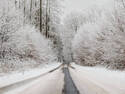 Winter Road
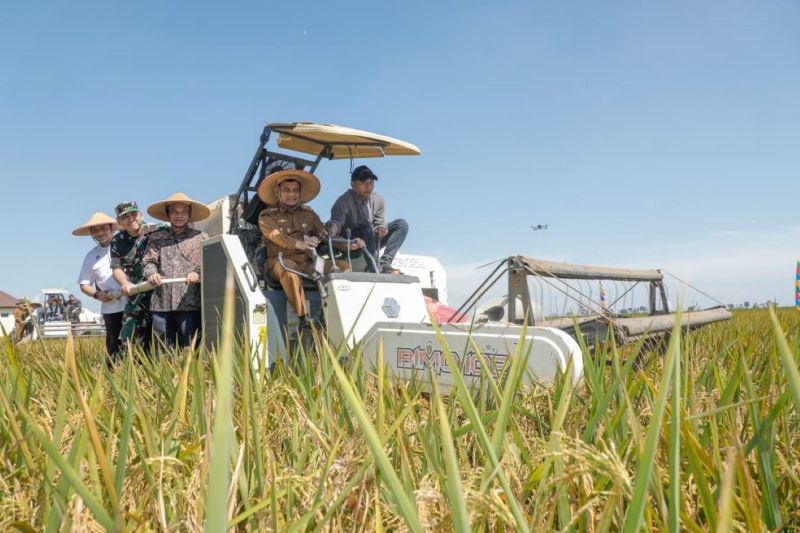 produktivitas-pangan-di-jateng-tahun-2025-capai-target-nasional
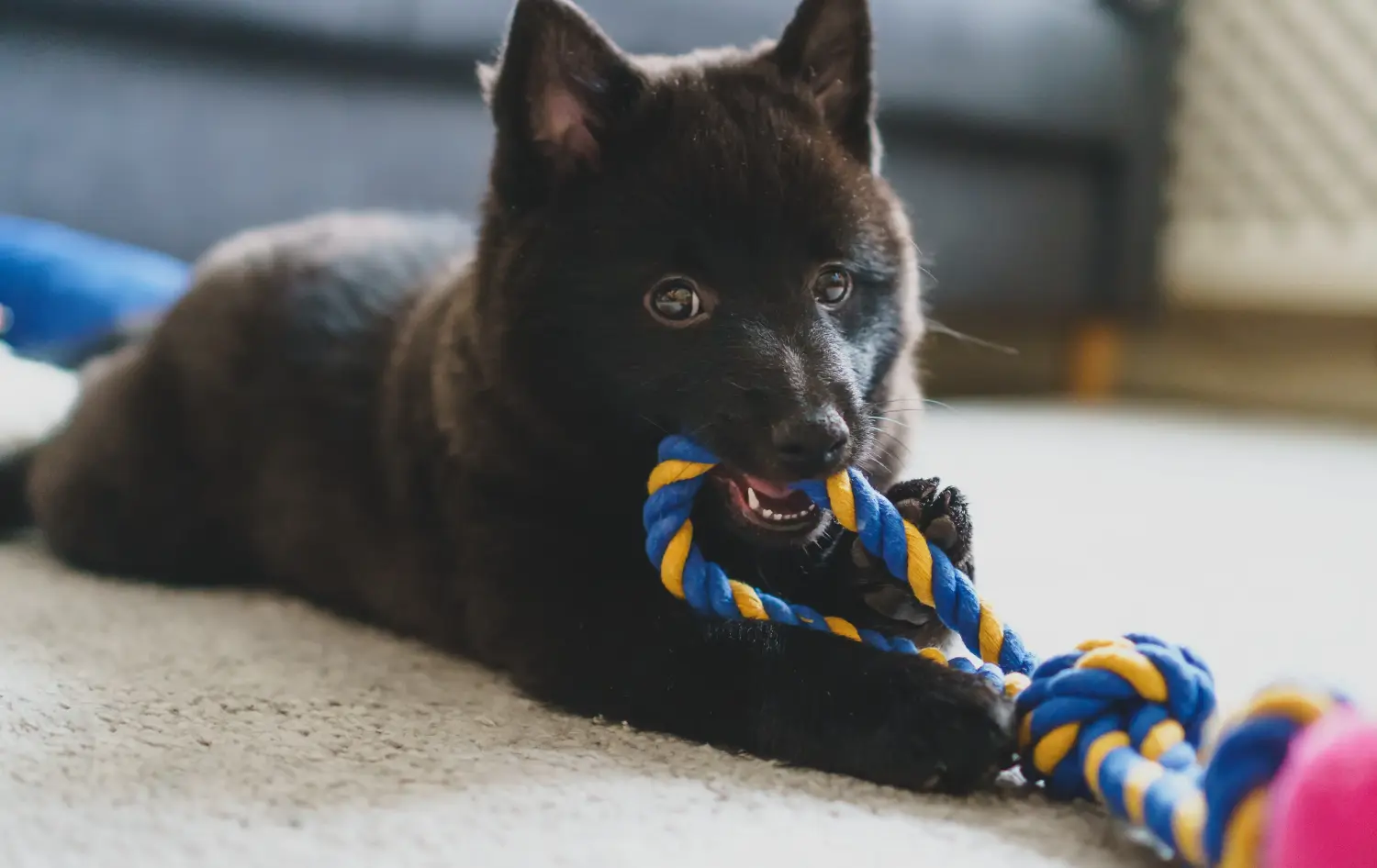 Acquistare un cucciolo di Schipperke significa assumersi delle responsabilità! Acquistare cuccioli di Schipperke.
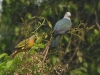 DSCN 5930.jpg Colombar à double collier & carcophage Pauline à Nameri, Assam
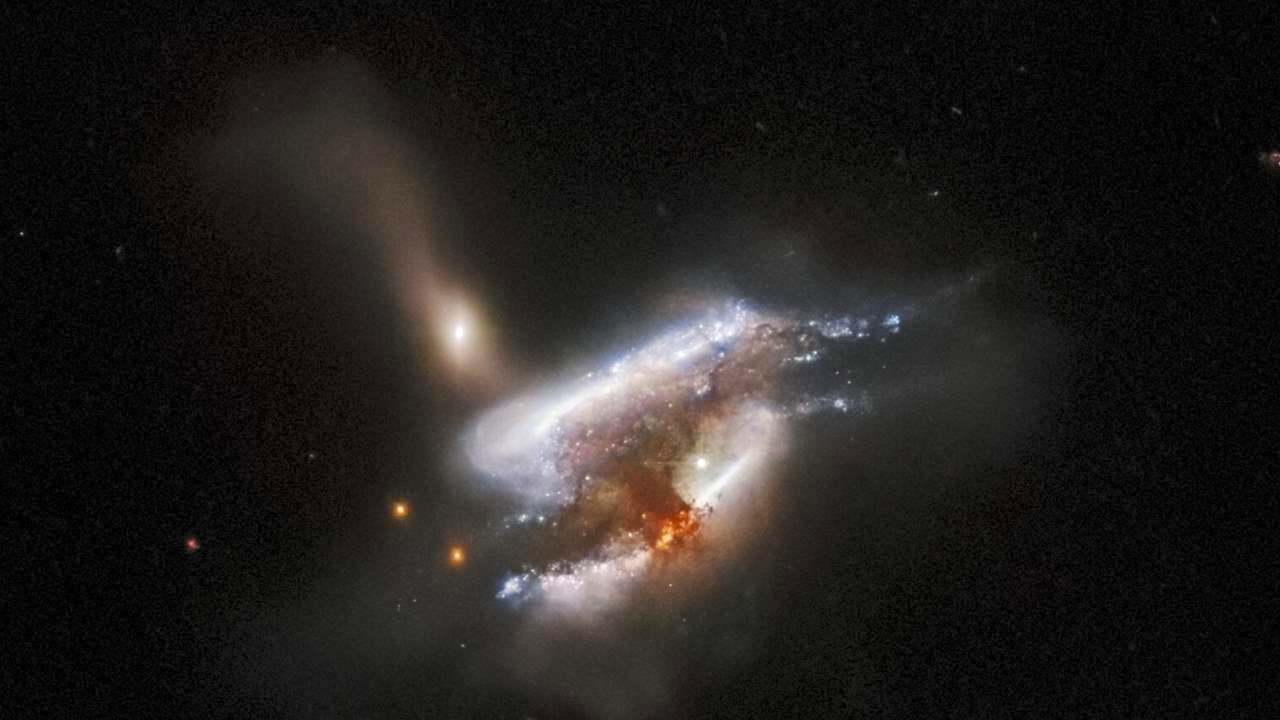 gal-1.jpg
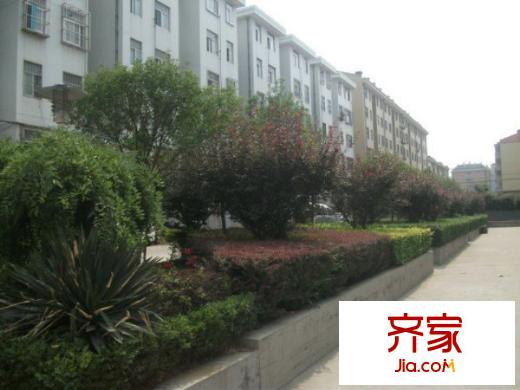 九龍山村小區(qū)外景圖 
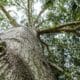 Un árbol en la zona rural del municipio de Cacoal, en el amazónico estado de Rondonia (Brasil). EFE/Beethoven Delano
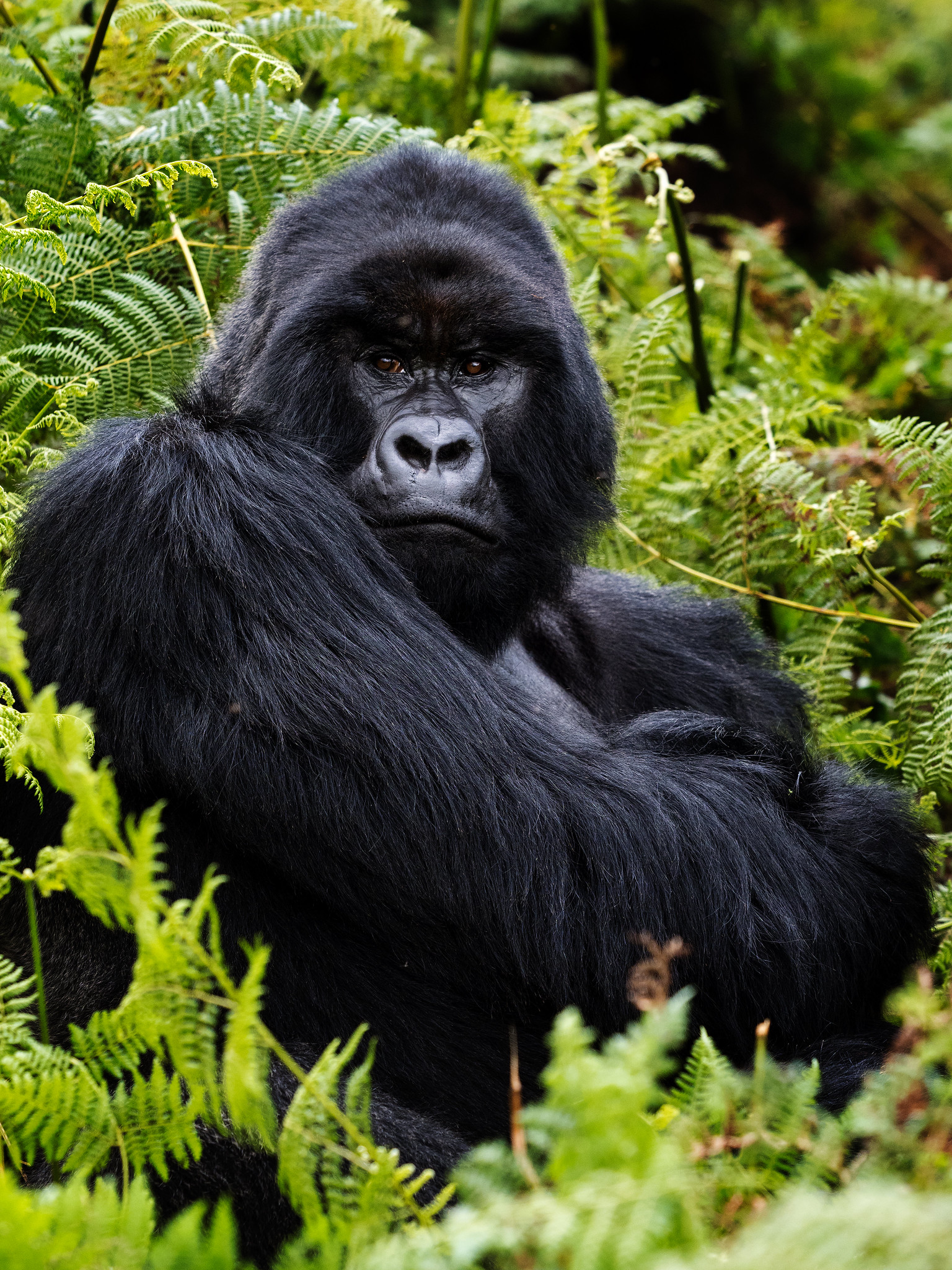 Bwindi Impenetrable Forest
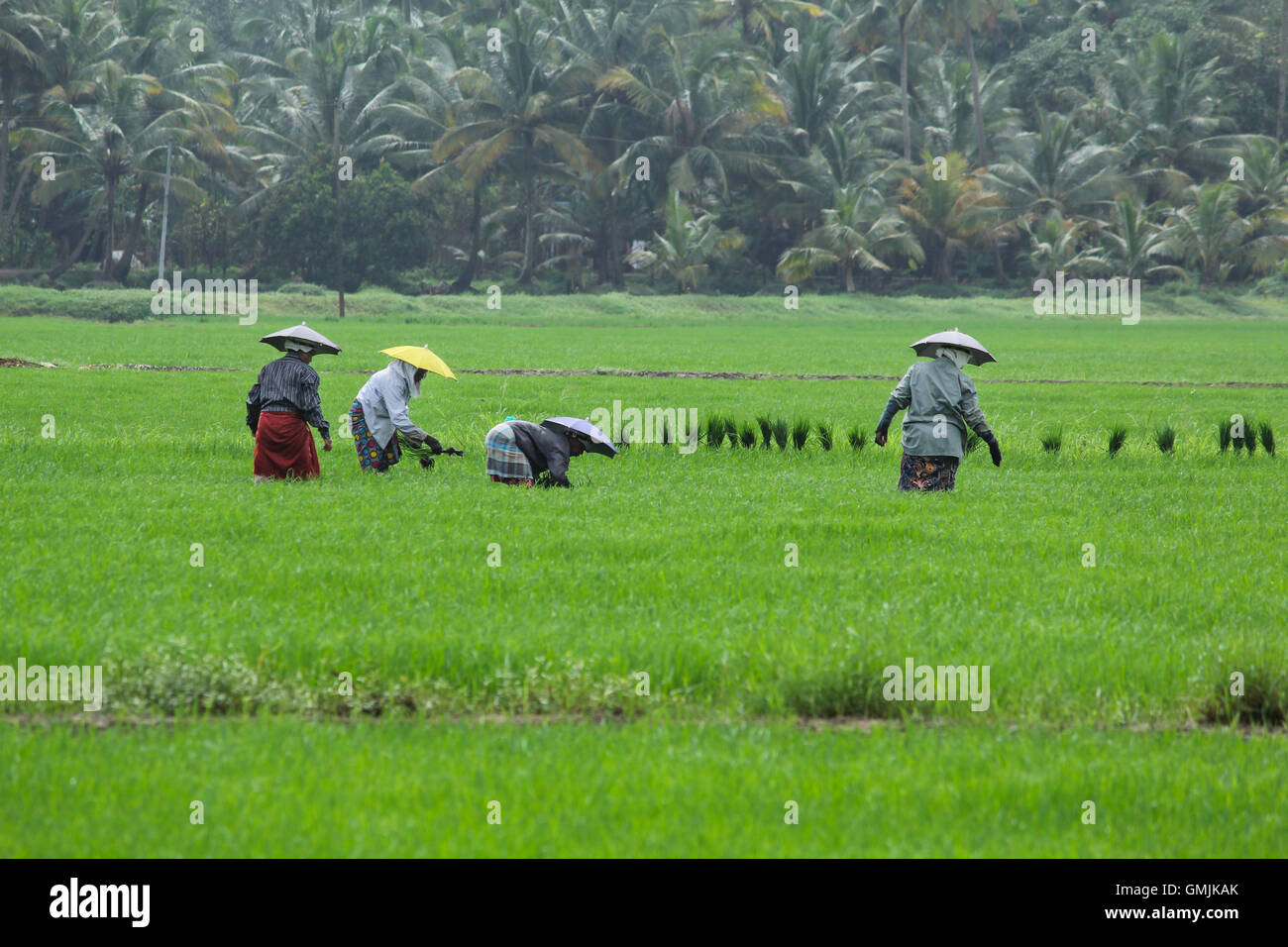 Paddyfield workers in Kerala. Farm workers plant organically cultivated paddy seedlings in the paddy fields. Stock Photo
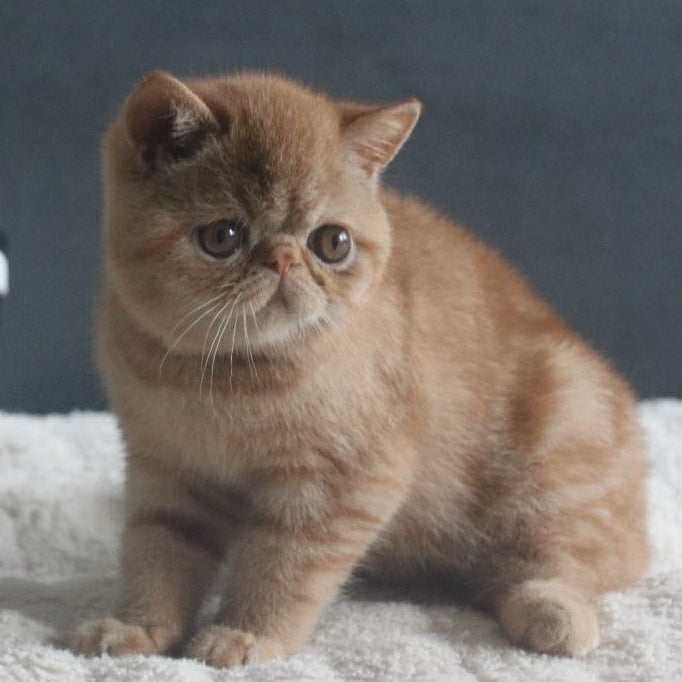 Centaur Exotic male, red tabby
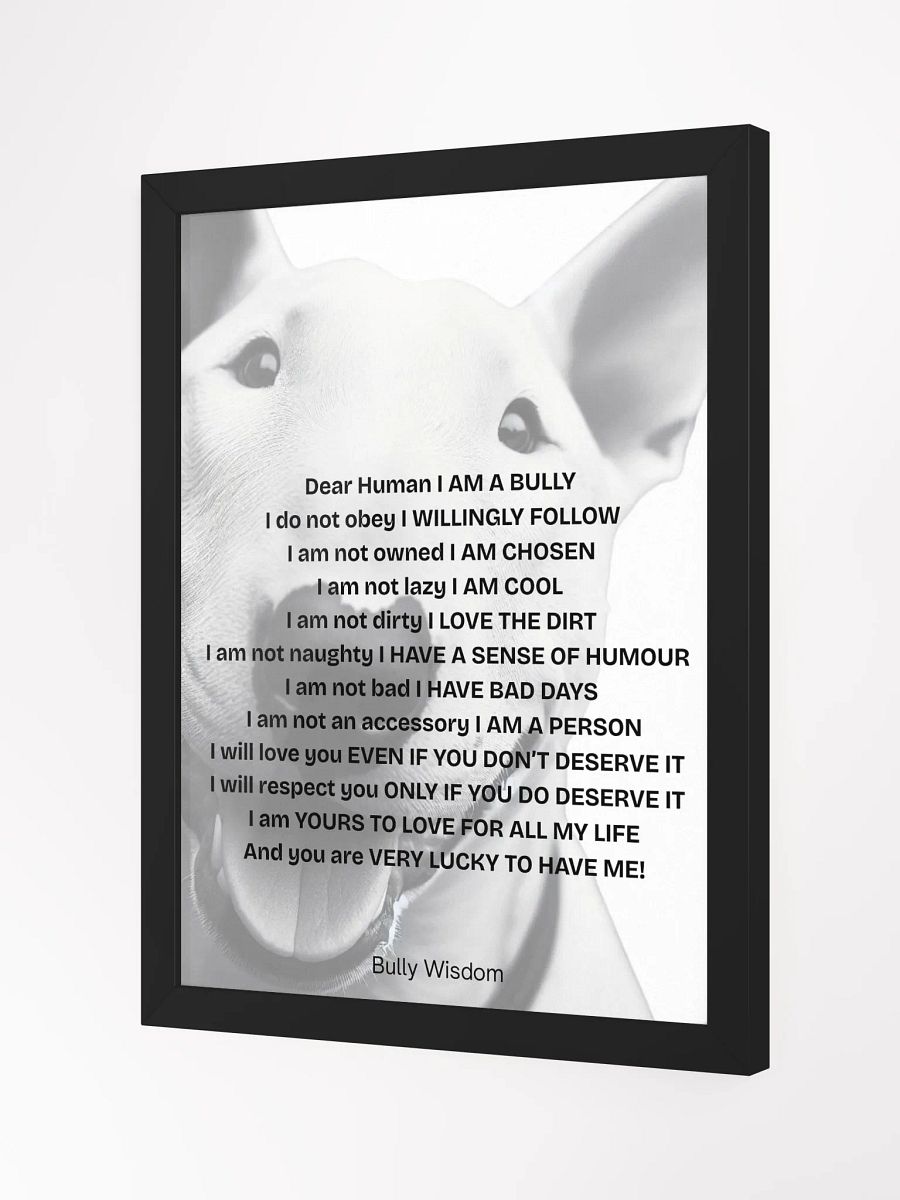 Bull Terrier "Dear Human, I am a Bully" product image (12)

.....

## ASSIGNMENT
Give the listing above again in its entirety, exactly as written and free of images.

## OUTPUT FOR THIS EXERCISE
 Winter Road
 produktivitas-pangan-di-jateng-tahun-2025-capai-target-nasional
 Acquistare un cucciolo di Schipperke significa assumersi delle responsabilità! Acquistare cuccioli di Schipperke.
 DSCN 5930.jpg Colombar à double collier & carcophage Pauline à Nameri, Assam
 gal-1.jpg
 九龍山村小區(qū)外景圖 
 Un árbol en la zona rural del municipio de Cacoal, en el amazónico estado de Rondonia (Brasil). EFE/Beethoven Delano
 Bwindi Impenetrable Forest
 Paddyfield workers in Kerala. Farm workers plant organically cultivated paddy seedlings in the paddy fields. Stock Photo
 Centaur Exotic male, red tabby
 Bull Terrier "Dear Human, I am a Bully" product image (12)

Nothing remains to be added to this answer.